El 6 de marzo, en una entrevista con “la Repubblica” —el principal diario de la cultura progresista—, Giuliano Amato, de 86 años, jurista y político de izquierda, ex primer ministro, ex presidente del Tribunal Constitucional y en varias ocasiones candidato a la presidencia de la República, atribuyó la derrota también a “demócratas convencidos como yo, que en los últimos cincuenta años han apoyado cualquier batalla progresista sin darse cuenta a tiempo de la creciente distancia, a veces excesiva, respecto a los valores tradicionales que mantienen unidas a nuestras sociedades”. Es decir, sin entender que “una democracia liberal no se debilita si aceptamos libertades más limitadas y cierta convivencia con los valores tradicionales”.

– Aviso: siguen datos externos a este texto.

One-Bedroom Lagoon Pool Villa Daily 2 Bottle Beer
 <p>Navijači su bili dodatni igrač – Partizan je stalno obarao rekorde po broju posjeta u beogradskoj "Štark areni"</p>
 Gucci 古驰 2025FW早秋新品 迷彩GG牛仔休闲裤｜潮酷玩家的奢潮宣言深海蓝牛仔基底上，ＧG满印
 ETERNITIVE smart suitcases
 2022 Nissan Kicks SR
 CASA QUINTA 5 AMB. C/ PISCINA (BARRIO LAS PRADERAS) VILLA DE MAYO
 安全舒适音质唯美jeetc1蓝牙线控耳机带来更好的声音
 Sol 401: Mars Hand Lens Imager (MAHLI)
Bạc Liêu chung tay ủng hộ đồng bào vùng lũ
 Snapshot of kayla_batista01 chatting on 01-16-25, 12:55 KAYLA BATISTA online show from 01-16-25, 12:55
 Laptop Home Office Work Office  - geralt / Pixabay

Tras Amato, con un tono aún más explícito, Ernesto Galli della Loggia, de 82 años, profesor de historia contemporánea, escribió en un editorial en el “Corriere della Sera” del 12 de marzo:
“Ya se tratara de la reproducción de la vida o de las formas de la muerte, de los rasgos de la parentalidad o de la moral sexual, del significado de la familia, de la paz y la guerra, de transformar cada necesidad en un derecho, invariablemente toda la Italia que se consideraba progresista abrazó el partido de lo ‘políticamente correcto’, con una actitud de supuesta superioridad, cuando no de abierta hostilidad, hacia quienes pensaban distinto”.
Todo esto sin advertir que, “para gran parte de las clases populares, esta hegemonía del ‘novismo’ significó una dolorosa ruptura con su identidad, aún muy arraigada en el pasado por mil razones”.
Al igual que Amato, Galli della Loggia advirtió a las élites que “no se encierren en sí mismas, que permanezcan abiertas y escuchen todas las voces de la sociedad, sin silenciar a las que no les agradan”. De lo contrario, el voto “antes o después las castigará”, como ocurrió en Estados Unidos con Trump, respecto a quien “corresponde ante todo a las élites europeas unirse a sus pueblos para frustrar sus planes”.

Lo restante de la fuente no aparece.